I currently have the keyword blacklist off because it was blocking some folks, so even with that off they still get through the SPF fail. I know spf works since its working on normal spam. It just doesn't trigger on these remote smtp users. This part isn't a real issue was just wondering.
Let me know which logs would come in handy for you.
@jean.davis:
Hello,
I guess that remote users (who use IMAP to download emails and SMTP to relay them) use a different server for SMTP relaying, which in turns relays through the ORF server, is that correct? In this case, SMTP authentication is only applied in the relation of the user and their relay server and the Authentication Whitelist is not triggered. There are a couple of ways to work this around:
* Reconfigure the relay chain so that the SMTP relay server bypasses the server where ORF runs
* Reconfigure Exchange connectors (if these are Exchange server) to build a trust between the servers.
The smtp server is the orf server. Is there a way to have orf that recognize smtp authentications?
@jean.davis: If SMTP authentication takes place, then ORF must recognize that. If this is a single server configuration, I believe internal relaying may be to blame -- something receiving the SMTP connections first, stripping the SMTP authentication information by the time they get to ORF. Is this Exchange 2007 or later or IIS/pre-2007 Exchange? In the latter case, do client send to the default port 25 connector or through the SMTP submission port?

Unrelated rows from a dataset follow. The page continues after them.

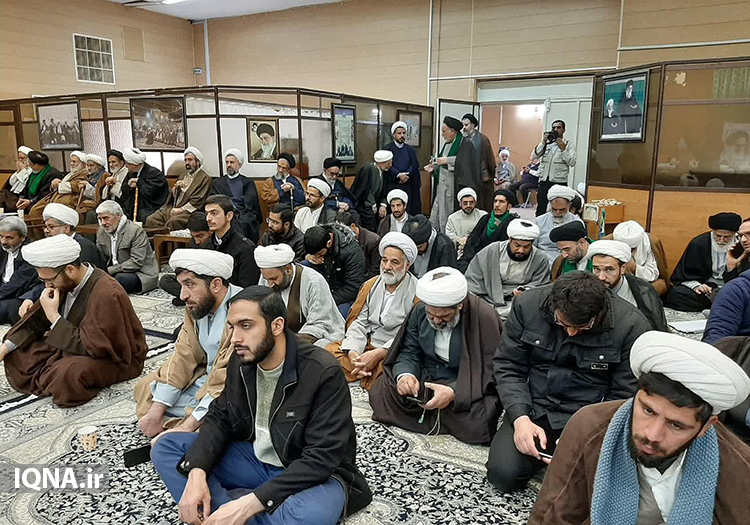گزارش تصویری/دیدار روحانیون و طلاب با امام جمعه یزد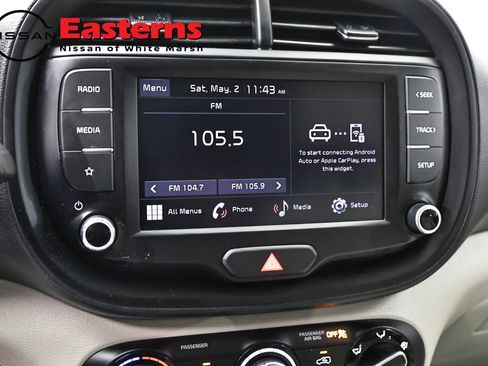 Used 2023 Kia Soul LX FWD image 18
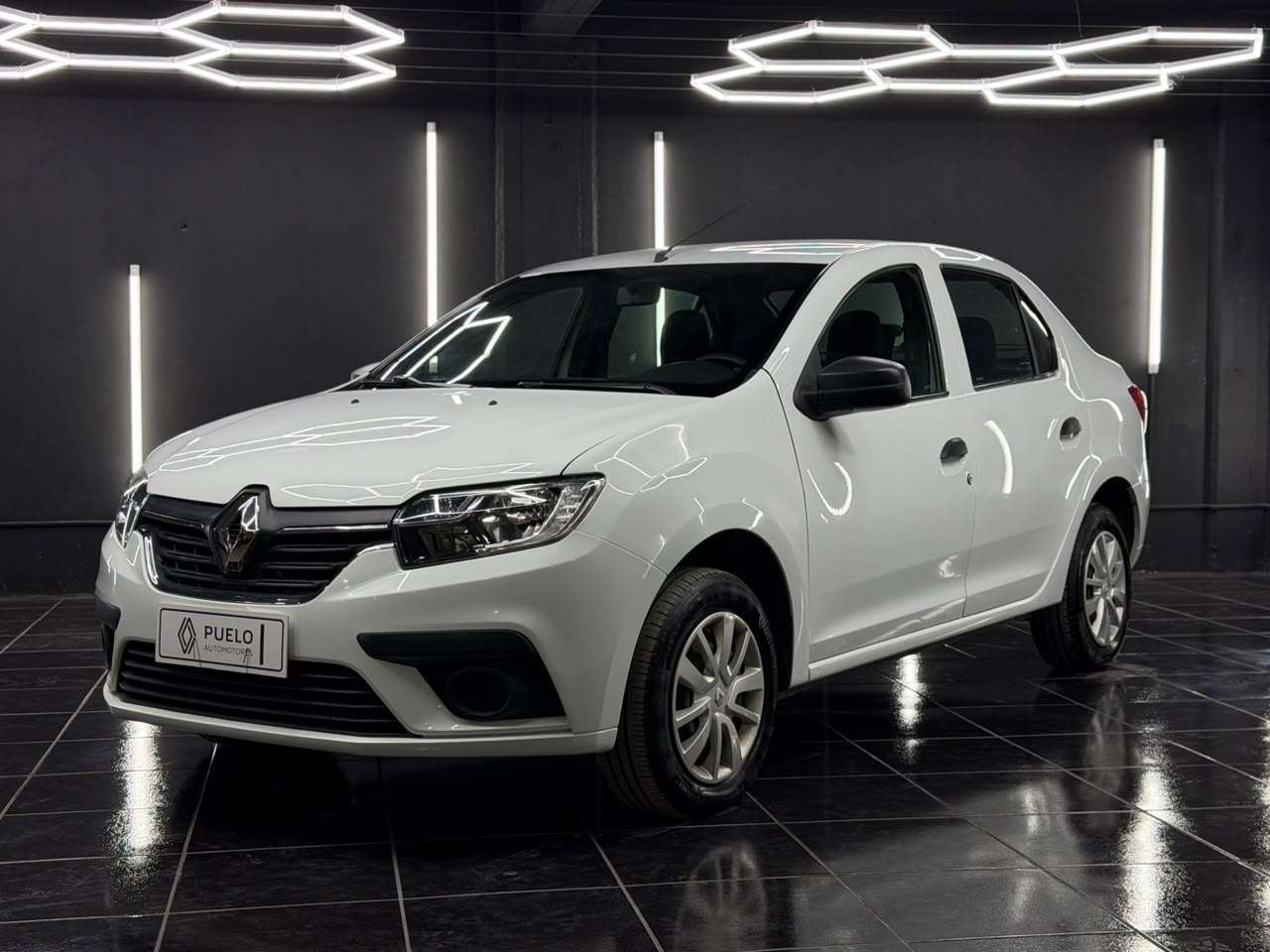 RENAULT LOGAN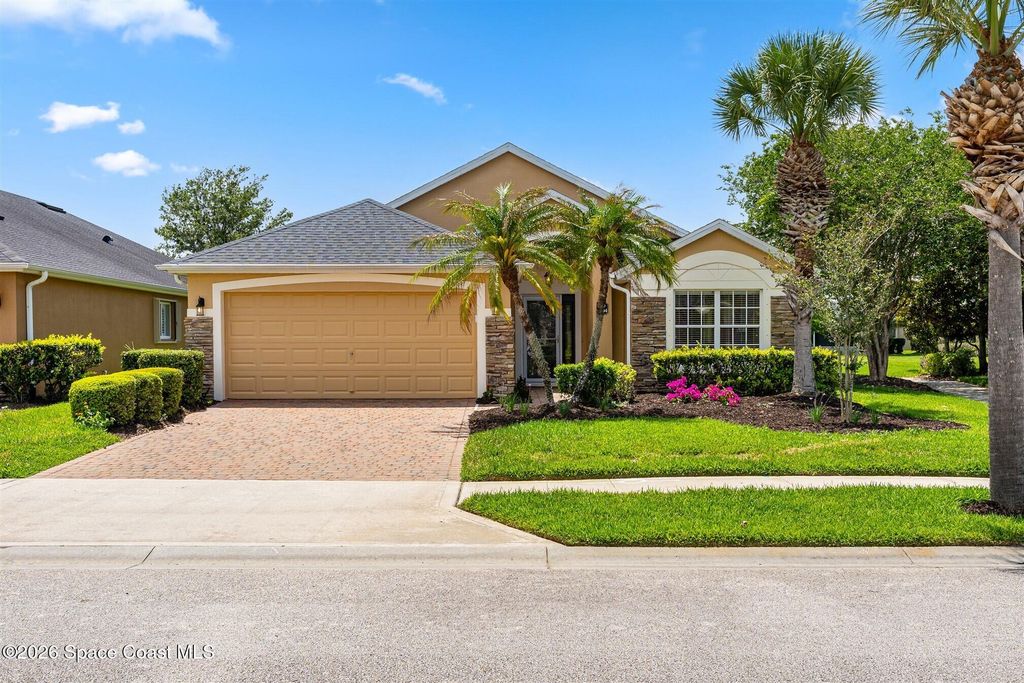 6904 Renshaw Drive, Melbourne, FL 32940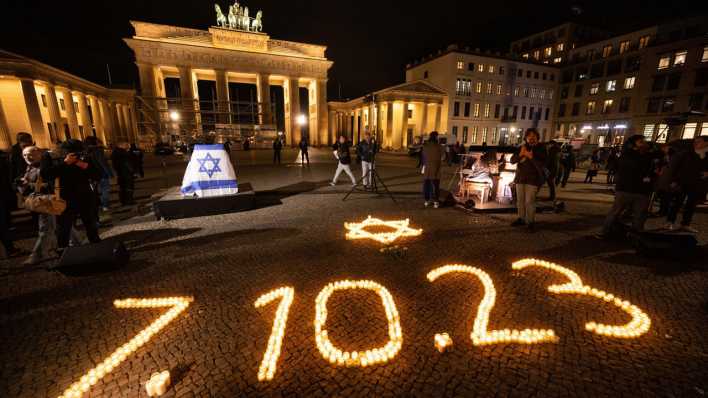 Bei einer Gedenkveranstaltung für die Opfer des Hamas-Angriffs auf Israel am 7. Oktober leuchten vor dem Brandenburger Tor Kerzen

@jean.davis: Thank you, it appears to be an internal relaying issue. How are your Exchange connectors set up?
Its just setup for smtp recommended from Microsoft.
I think I'll just have to wait till I can get everyone off IMAP.
Thanks for all the replies.
@Péter Karsai (Vamsoft):
One last question which might work. Is there a way to create a keyword blacklist then gets set off if domain is used but the sender is listed as same domain therefor it will only scrap ones that are just in the header?
Thanks. Sorry to be a pain btw.
Jean
@jean.davis: Sorry, I am not sure if I understand your question -- in case you mean whether the envelope sender (the sender shown in ORF logs) address can be combined into a Keyword Blacklist expression, I am afraid the answer is no, there is no such rule available in ORF.
Ok, thanks. I guess I'm going to just get or imap users to switch over to activesync. Thanks for your time.
I added the recommended keyword blacklist to prevent mime spoofing of our own domain. I have one problem, IMAP people are showing up coming in from their home isp so their emails sending out are getting blocked.
I'd like to remove imap but not sure that is feasible yet.
Why does imap pull that ip for the related ip? Why doesn't this fall under the spf fail since our domain and their isp ip isn't allowed.
Thanks.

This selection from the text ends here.